An Example of Isotonic Regression Using the scikit Library

Isotonic regression is a very niche machine learning technique. The basic scenario is you have a single predictor variable (for example, the size of something) and a single target value to predict (for example, the porosity of the something), where the values of the predicted targets consistently increase or decrease (with a few exceptions allowed).

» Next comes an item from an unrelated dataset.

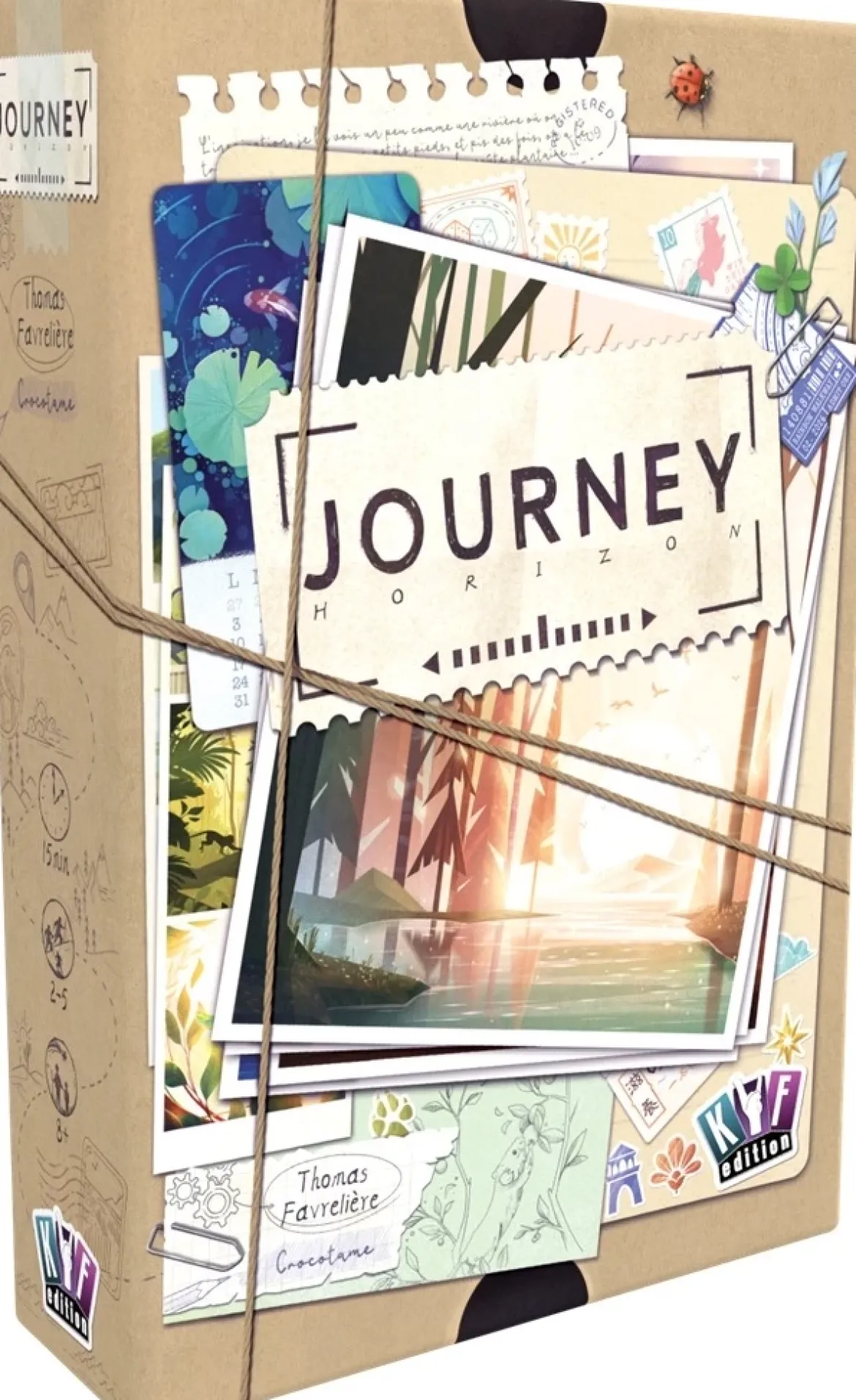 Journey - Horizon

I put together a demo using the scikit-learn IsotonicRegression module. But what I found most interesting was that, when I did my research, I found a lot of conflicting, contradictory, and just plain incorrect information on the Internet. Briefly, I tracked down the primary source research papers and discovered that isotonic regression is quite complicated — much more complicated than most of the Internet resources indicated.

The following graph illustrates my demo. The artificial training data has 10 x values: (0.0, 1.0, 2.0, . . 9.0). The training y values increase with just one exception: (3.0, 9.0, 14.0, 18.0, 21.0, 23.0, 24.0, 20.0, 25.0, 27.0). The 10 training data items are the large red dots. I generated 40 training x data items and used the trained model to compute the 40 predicted y values. They are the medium size blue dots on the graph. And to illustrate why isotonic regression might be used, I added a simple linear regression line (the small green dots).

There’s no significant moral to this post/story except maybe to point out that just because some information is on the Internet, it doesn’t mean that information is accurate. (Including this blog post!)

Two pages from a research paper that explains how isotonic regression works. Complicated stuff!

Demo program.

# isotonic_regression_scikit.py

import numpy as np
from sklearn.isotonic import IsotonicRegression

np.set_printoptions(precision=1, suppress=True)

# training data
X = np.array([0,1,2,3,4,5,6,7,8,9],
  dtype=np.float64)
y = np.array([3, 9, 14, 18, 21, 23,
  24, 20, 25, 27], dtype=np.float32)

print(X); input()
print(y); input()

iso_reg = IsotonicRegression(out_of_bounds='clip')
iso_reg.fit(X, y)
pred = iso_reg.predict(X)
print(pred); input()

x = -1.0
for i in range(60):
 y_pred = iso_reg.predict([x])
 print("%0.1f  %0.1f" % (x, y_pred[0]))
 x += 0.25

print("\nEnd demo ")